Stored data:
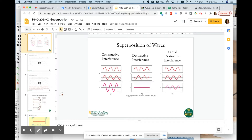We're going to talk about superposition of waves today. It's the last chapter we're doing on waves before we start with electricity and magnetism. Superposition really is just a simple addition of waves.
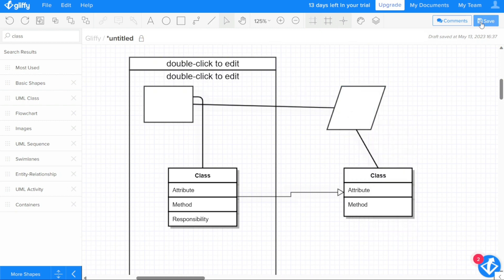And there you have it, a beginner's guide to using Gliffy. There are more things to learn about Gliffy, so if you're interested in an advanced tutorial, let me know in the comments, and I'll be happy to make it happen whenever I get a chance.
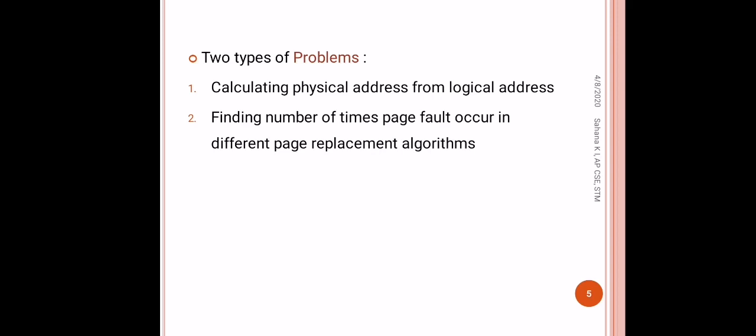First type is calculating physical address from logical address. You will be given sufficient data and you have to calculate the physical address. Second one is finding number of times page fault occurs in different page replacement algorithms. Under the topic paging, there are different page replacement algorithms you have to study, and by using those concepts you have to find the number of times page fault occurs. Page fault is also discussed under the topic paging.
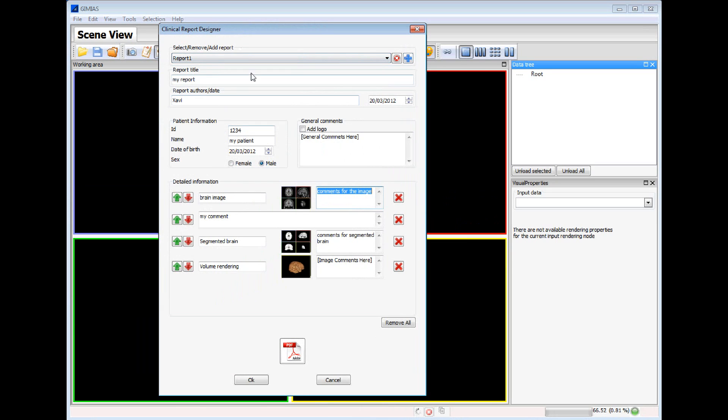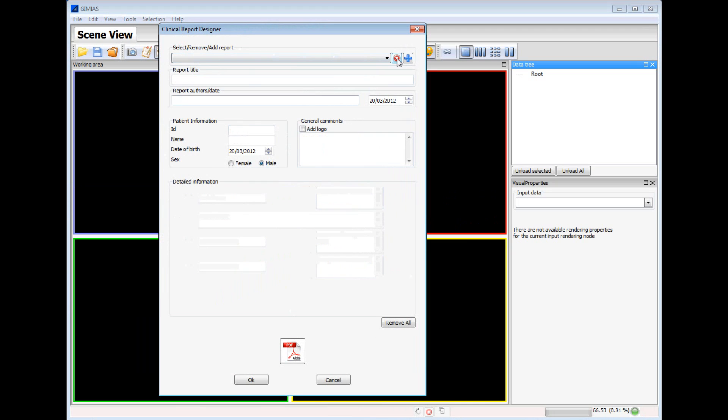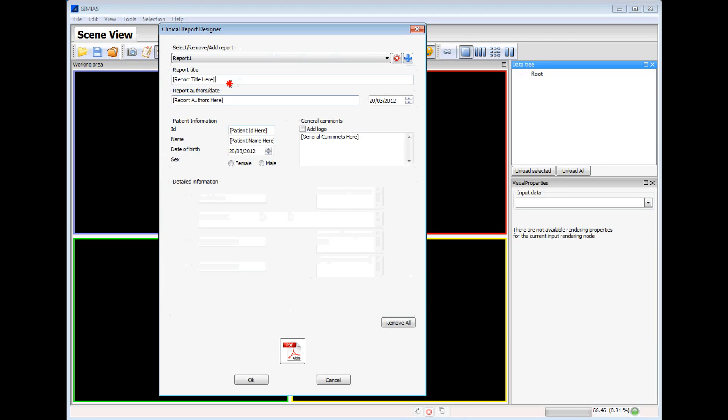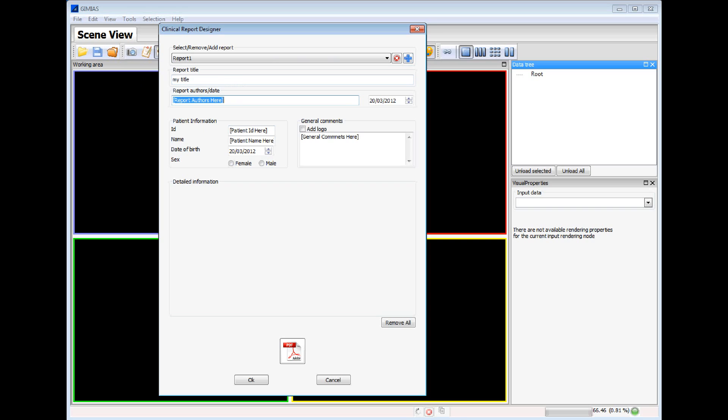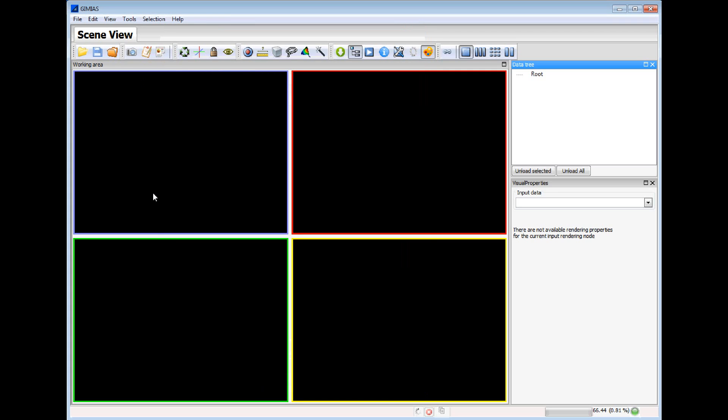Here we can see that there is already one created so we remove it. We create a new one, we put the title, the author and the information of the patient, the ID and the name. We select the sex and we click OK.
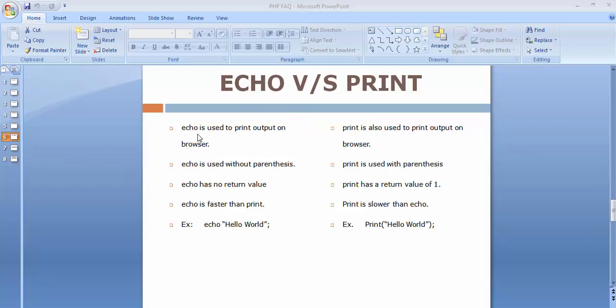Echo is used to print output on browser, and exactly the same thing we can do using print. Print is also used to print output on browser.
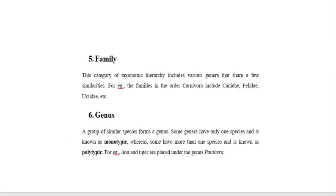Then, family. This category of taxonomic hierarchy includes various genera that share a few similarities. For example, the families in the order Carnivora include Canidae, Felidae, and Ursidae, etc.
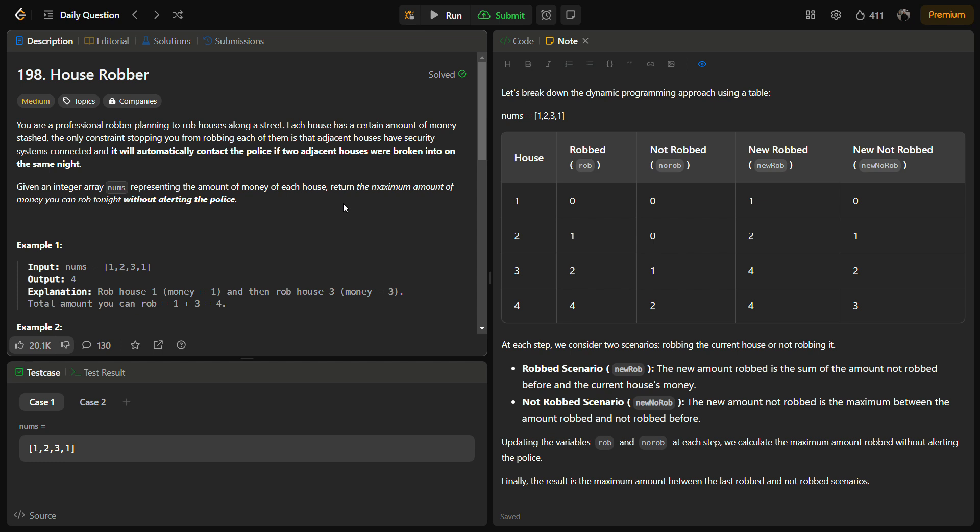Hello guys and welcome back to LeadLogics. This is the House Robber problem from LeetCode. This is a LeetCode medium and the number for this is 198.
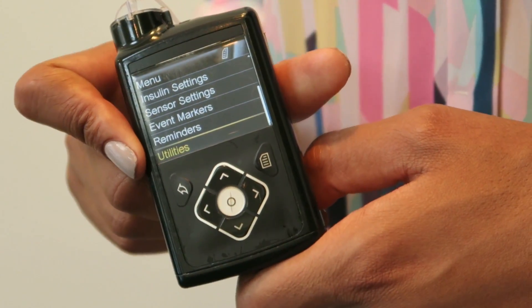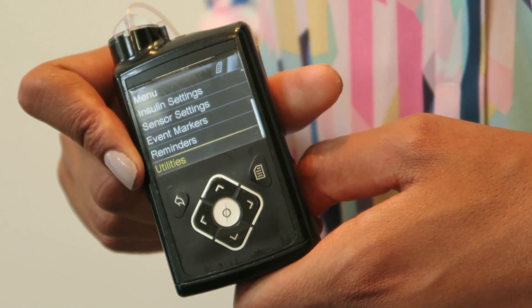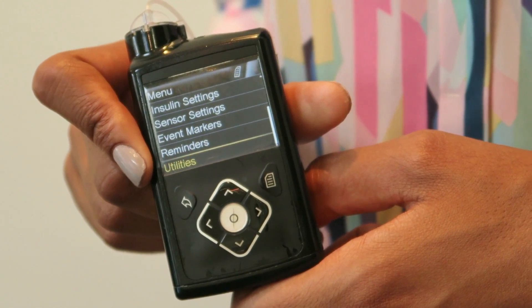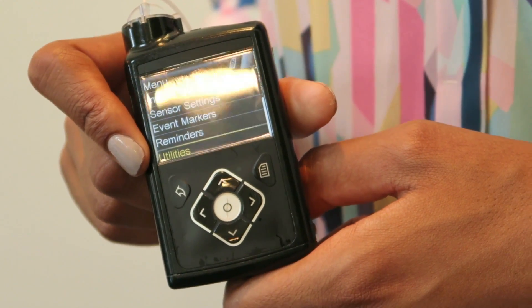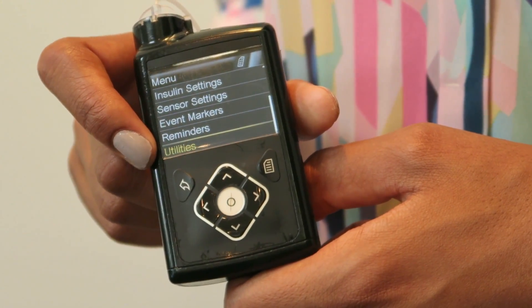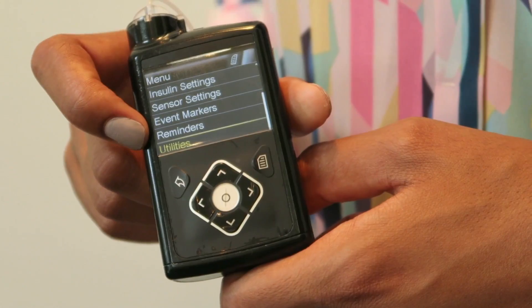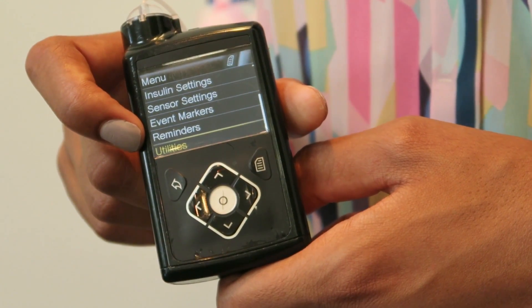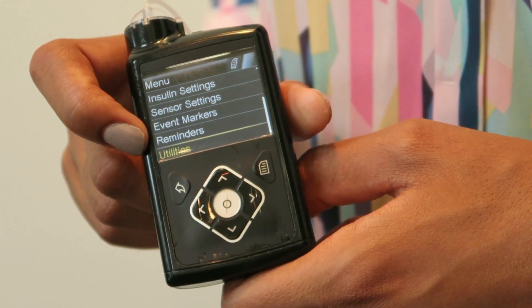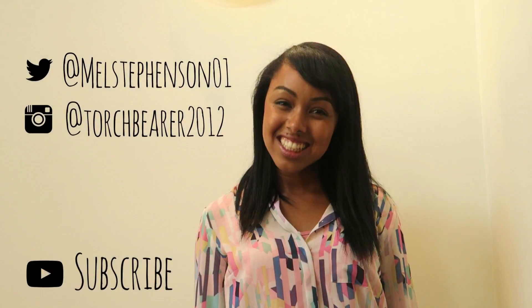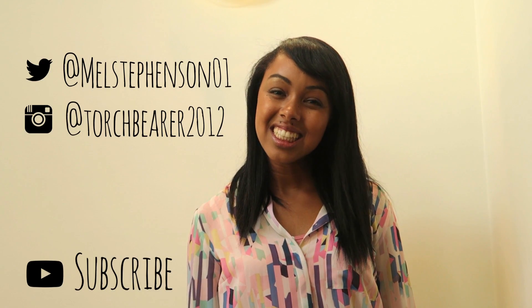And finally you've got the utilities — similar to what you'd find on a mobile phone, you can choose how long the pump is lit for or change the time and date.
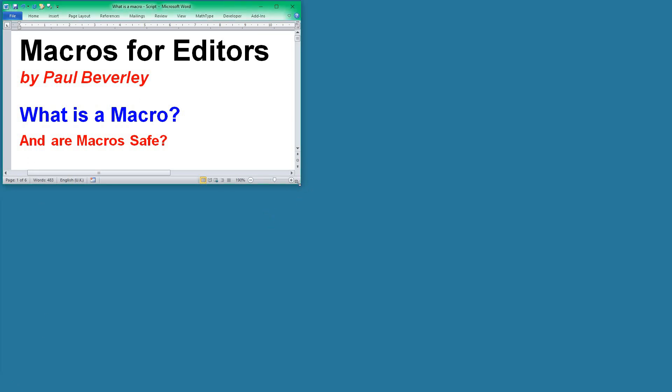Hello and welcome to another macro video. Today I'm looking at a couple of questions: What is a macro and are macros safe?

## Task details
Copy out only the lines from the one containing "Then, family. This" to the end of the entries, unchanged. Drop the pictures.

## Solution to the exercise
Then, family. This category of taxonomic hierarchy includes various genera that share a few similarities. For example, the families in the order Carnivora include Canidae, Felidae, and Ursidae, etc.
Hello guys and welcome back to LeadLogics. This is the House Robber problem from LeetCode. This is a LeetCode medium and the number for this is 198.
And finally you've got the utilities — similar to what you'd find on a mobile phone, you can choose how long the pump is lit for or change the time and date.
Hello and welcome to another macro video. Today I'm looking at a couple of questions: What is a macro and are macros safe?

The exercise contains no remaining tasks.